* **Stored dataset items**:

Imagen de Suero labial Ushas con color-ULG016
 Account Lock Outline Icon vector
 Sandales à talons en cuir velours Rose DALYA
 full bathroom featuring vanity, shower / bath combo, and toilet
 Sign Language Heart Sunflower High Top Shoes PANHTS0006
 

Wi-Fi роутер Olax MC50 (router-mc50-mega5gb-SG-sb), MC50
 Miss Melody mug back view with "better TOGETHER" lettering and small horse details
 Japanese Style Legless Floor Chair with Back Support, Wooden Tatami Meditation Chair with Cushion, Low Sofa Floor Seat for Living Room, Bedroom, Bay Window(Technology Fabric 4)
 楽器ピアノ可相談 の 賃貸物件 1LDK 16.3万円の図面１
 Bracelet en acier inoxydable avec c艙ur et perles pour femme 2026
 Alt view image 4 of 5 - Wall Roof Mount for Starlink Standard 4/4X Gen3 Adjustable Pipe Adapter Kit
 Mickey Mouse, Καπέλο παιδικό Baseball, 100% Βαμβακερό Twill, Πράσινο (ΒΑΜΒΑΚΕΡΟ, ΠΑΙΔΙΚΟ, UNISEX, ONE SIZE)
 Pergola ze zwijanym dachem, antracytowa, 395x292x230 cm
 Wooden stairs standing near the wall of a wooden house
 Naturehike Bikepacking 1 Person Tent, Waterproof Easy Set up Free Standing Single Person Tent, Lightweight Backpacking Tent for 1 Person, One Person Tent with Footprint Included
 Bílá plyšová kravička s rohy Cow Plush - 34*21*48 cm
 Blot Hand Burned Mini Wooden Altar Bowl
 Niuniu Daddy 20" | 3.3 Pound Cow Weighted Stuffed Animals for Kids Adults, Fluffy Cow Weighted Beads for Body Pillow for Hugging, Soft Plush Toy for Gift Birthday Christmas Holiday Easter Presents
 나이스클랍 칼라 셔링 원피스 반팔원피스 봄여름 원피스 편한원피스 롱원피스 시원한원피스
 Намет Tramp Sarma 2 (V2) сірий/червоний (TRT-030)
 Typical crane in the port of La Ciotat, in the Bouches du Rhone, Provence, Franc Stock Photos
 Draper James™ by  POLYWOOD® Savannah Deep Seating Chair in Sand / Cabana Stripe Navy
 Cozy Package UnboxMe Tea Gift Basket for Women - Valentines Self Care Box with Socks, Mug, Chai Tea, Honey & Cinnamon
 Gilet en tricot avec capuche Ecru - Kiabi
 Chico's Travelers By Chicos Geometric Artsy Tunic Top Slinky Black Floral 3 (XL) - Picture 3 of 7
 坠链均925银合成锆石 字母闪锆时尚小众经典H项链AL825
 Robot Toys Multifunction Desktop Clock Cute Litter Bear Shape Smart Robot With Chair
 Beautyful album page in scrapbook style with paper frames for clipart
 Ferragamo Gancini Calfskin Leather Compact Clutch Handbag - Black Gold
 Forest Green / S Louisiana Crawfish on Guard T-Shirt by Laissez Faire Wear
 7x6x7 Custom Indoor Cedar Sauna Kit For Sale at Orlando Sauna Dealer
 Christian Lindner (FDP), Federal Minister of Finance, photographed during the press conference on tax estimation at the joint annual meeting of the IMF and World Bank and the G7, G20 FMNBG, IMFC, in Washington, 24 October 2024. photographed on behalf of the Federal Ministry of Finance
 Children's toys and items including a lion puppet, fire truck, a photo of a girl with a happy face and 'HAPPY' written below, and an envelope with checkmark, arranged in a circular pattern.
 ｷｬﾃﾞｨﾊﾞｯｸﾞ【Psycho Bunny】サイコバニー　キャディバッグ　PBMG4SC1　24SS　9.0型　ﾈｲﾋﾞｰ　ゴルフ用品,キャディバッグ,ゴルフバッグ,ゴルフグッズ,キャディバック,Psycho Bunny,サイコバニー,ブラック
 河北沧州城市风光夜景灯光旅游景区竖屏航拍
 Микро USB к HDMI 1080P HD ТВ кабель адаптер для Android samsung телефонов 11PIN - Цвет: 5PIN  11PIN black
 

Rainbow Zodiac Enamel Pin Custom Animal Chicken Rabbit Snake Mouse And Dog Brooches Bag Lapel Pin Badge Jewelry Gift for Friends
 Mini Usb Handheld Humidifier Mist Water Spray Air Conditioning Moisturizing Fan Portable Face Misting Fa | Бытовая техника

* **About this task**: Looking at the records above, return exactly the lines from the line with "楽器ピアノ可相談 の 賃貸物件 1LDK 16.3万円の図面１" to the line with "Alt view image", both ends included.

* **Written reply**:
 楽器ピアノ可相談 の 賃貸物件 1LDK 16.3万円の図面１
 Bracelet en acier inoxydable avec c艙ur et perles pour femme 2026
 Alt view image 4 of 5 - Wall Roof Mount for Starlink Standard 4/4X Gen3 Adjustable Pipe Adapter Kit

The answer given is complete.